# 02. Data transformation

In previous notebook, we have seen how to download tweets. Note we only store the origin response, we have not do any cleaning and transformation.

If the data ingestion procesus is done by different people by using different tools and or api version. The tweets may have different schema.

If you want to use these tweets, we need to clean them and transform them into a unique schema that we can use them after.

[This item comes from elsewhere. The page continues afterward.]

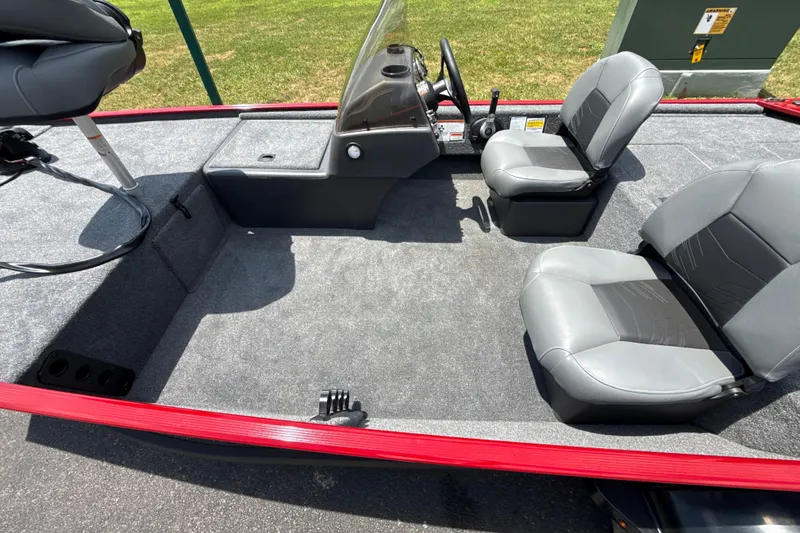 Slide: The Image of 2026 Tracker Bass Tracker Classic XL boat interior with gray seating and steering console. - 3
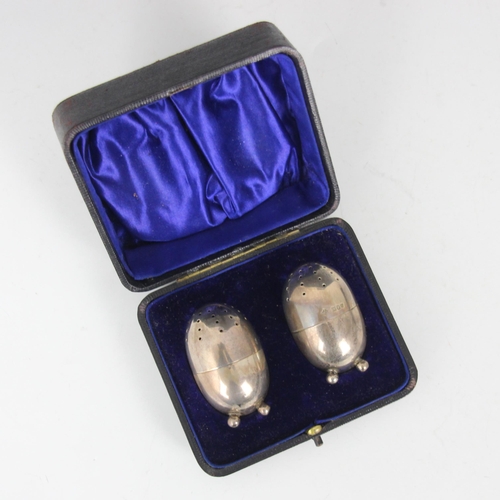 96 - A pair of Edwardian salt and pepper pots, Horace Woodward & Co Ltd, London 1901, of plain polished e...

In this notebook, we will show you how to do that.



Raw data sources:
- s3a://pengfei/diffusion/demo_prod/current/2021
- s3a://pengfei/diffusion/demo_prod/current_short/2021
- s3a://pengfei/diffusion/demo_prod/old/2010_2021

In [1]:
from pyspark.sql import SparkSession, DataFrame
from pyspark.sql.types import StructField, StructType, StringType, LongType, IntegerType
from pyspark.sql.functions import lit, col, when, concat, udf
import os

In [2]:
local=False
if local:
    spark=SparkSession.builder.master("local[4]") \
                  .config('spark.jars.packages', 'org.postgresql:postgresql:42.2.24') \
                  .appName("Twitter_Data_Transformation").getOrCreate()
else:
    spark=SparkSession.builder \
                      .master("k8s://https://kubernetes.default.svc:443") \
                      .appName("Twitter_Data_Transformation") \
                      .config("spark.kubernetes.container.image",os.environ["IMAGE_NAME"]) \
                      .config("spark.kubernetes.authenticate.driver.serviceAccountName",os.environ['KUBERNETES_SERVICE_ACCOUNT']) \
                      .config("spark.kubernetes.driver.pod.name", os.environ['KUBERNETES_POD_NAME'])\
                      .config("spark.kubernetes.namespace", os.environ['KUBERNETES_NAMESPACE']) \
                      .config("spark.executor.instances", "4") \
                      .config("spark.executor.memory","8g") \
                      .config('spark.jars.packages','org.postgresql:postgresql:42.2.24') \
                      .getOrCreate()
# spark.kubernetes.driver.pod.name config will enable executor Pod Garbage Collection



:: loading settings :: url = jar:file:/opt/spark/jars/ivy-2.5.0.jar!/org/apache/ivy/core/settings/ivysettings.xml


Ivy Default Cache set to: /home/jovyan/.ivy2/cache
The jars for the packages stored in: /home/jovyan/.ivy2/jars
org.postgresql#postgresql added as a dependency
:: resolving dependencies :: org.apache.spark#spark-submit-parent-978bc624-3cca-4c47-a53b-48e5fafb3e8c;1.0
	confs: [default]
	found org.postgresql#postgresql;42.2.24 in central
	found org.checkerframework#checker-qual;3.5.0 in central
:: resolution report :: resolve 349ms :: artifacts dl 4ms
	:: modules in use:
	org.checkerframework#checker-qual;3.5.0 from central in [default]
	org.postgresql#postgresql;42.2.24 from central in [default]
	---------------------------------------------------------------------
	|                  |            modules            ||   artifacts   |
	|       conf       | number| search|dwnlded|evicted|| number|dwnlded|
	---------------------------------------------------------------------
	|      default     |   2   |   0   |   0   |   0   ||   2   |   0   |
	-------------------------------------------

## 2.1 Explorer different data set

In [3]:
path1 = "s3a://pengfei/diffusion/demo_prod/current/2021"
path2 = "s3a://pengfei/diffusion/demo_prod/current_short/2021"
path3 = "s3a://pengfei/diffusion/demo_prod/old/2010_2021"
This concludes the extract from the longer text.